What the task asks: Would you please return the lines of the entries below starting at the line that has "正常使用时突然某个盘符不能打开 提示该分区未格式化" and ending at the line that has "电信客服电话人工服务电话号码查询是多少啊", both included, exactly as they are?

Records shown:
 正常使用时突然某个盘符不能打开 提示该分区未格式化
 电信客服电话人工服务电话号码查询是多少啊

==

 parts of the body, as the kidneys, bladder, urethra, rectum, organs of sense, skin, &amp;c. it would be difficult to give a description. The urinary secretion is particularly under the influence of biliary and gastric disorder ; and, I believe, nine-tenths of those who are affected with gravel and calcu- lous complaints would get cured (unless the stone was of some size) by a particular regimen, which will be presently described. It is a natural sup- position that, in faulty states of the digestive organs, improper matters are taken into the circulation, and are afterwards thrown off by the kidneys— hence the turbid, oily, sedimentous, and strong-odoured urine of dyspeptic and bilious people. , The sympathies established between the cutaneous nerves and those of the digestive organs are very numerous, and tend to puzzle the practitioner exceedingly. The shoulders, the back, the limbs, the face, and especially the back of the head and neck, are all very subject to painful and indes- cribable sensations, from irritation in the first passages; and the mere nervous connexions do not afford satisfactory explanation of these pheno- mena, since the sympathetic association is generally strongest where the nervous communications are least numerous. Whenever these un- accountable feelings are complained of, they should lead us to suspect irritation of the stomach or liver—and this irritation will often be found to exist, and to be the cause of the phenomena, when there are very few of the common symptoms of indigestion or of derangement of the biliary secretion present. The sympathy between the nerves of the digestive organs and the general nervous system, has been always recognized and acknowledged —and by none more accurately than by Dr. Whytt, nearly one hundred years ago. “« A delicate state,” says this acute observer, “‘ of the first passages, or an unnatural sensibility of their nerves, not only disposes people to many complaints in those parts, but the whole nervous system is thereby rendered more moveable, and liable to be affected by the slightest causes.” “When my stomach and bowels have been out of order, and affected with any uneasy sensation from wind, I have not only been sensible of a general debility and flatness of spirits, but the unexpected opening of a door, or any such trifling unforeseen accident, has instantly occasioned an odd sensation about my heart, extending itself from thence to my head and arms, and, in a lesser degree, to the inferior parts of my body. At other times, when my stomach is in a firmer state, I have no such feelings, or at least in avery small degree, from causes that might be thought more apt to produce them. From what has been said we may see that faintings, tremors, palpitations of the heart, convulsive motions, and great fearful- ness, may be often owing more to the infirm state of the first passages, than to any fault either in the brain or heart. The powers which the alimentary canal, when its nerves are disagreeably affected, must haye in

Solution for this exercise:
 正常使用时突然某个盘符不能打开 提示该分区未格式化
 电信客服电话人工服务电话号码查询是多少啊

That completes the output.